Copy out again, unchanged, the line that contains "Smaller packs, more" and every line after it down to the last line of the data.

-- DATA EXTRACT follows --

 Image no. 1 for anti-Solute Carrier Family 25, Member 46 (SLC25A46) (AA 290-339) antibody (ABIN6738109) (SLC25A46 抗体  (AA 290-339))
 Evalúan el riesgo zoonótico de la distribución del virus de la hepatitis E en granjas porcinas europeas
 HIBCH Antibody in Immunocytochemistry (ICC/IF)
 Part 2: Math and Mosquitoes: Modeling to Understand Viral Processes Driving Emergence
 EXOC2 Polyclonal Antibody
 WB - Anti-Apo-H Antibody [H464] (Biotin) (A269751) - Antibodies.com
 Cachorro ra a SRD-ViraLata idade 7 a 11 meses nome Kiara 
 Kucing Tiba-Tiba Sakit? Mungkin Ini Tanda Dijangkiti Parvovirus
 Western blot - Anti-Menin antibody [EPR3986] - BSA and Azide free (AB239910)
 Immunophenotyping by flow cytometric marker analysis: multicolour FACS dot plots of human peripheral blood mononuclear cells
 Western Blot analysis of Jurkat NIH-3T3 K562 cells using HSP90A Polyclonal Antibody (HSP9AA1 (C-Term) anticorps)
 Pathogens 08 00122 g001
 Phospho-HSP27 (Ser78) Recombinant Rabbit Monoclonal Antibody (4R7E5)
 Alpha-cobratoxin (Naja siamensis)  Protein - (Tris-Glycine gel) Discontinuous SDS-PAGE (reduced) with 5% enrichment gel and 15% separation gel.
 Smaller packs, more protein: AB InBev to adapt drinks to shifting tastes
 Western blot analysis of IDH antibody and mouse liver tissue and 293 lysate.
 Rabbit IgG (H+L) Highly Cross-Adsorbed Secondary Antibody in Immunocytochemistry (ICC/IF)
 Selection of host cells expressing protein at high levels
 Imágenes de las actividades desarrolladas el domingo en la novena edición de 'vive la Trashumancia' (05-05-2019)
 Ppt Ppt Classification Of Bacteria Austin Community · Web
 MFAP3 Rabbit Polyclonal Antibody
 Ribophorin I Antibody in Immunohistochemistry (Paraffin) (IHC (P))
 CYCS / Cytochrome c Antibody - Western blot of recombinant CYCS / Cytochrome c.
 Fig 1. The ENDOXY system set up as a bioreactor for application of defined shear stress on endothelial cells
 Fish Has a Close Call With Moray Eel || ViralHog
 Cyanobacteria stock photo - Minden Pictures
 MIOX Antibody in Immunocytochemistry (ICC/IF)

-- DATA EXTRACT concluded --

## SOLVED PROBLEM
 Smaller packs, more protein: AB InBev to adapt drinks to shifting tastes
 Western blot analysis of IDH antibody and mouse liver tissue and 293 lysate.
 Rabbit IgG (H+L) Highly Cross-Adsorbed Secondary Antibody in Immunocytochemistry (ICC/IF)
 Selection of host cells expressing protein at high levels
 Imágenes de las actividades desarrolladas el domingo en la novena edición de 'vive la Trashumancia' (05-05-2019)
 Ppt Ppt Classification Of Bacteria Austin Community · Web
 MFAP3 Rabbit Polyclonal Antibody
 Ribophorin I Antibody in Immunohistochemistry (Paraffin) (IHC (P))
 CYCS / Cytochrome c Antibody - Western blot of recombinant CYCS / Cytochrome c.
 Fig 1. The ENDOXY system set up as a bioreactor for application of defined shear stress on endothelial cells
 Fish Has a Close Call With Moray Eel || ViralHog
 Cyanobacteria stock photo - Minden Pictures
 MIOX Antibody in Immunocytochemistry (ICC/IF)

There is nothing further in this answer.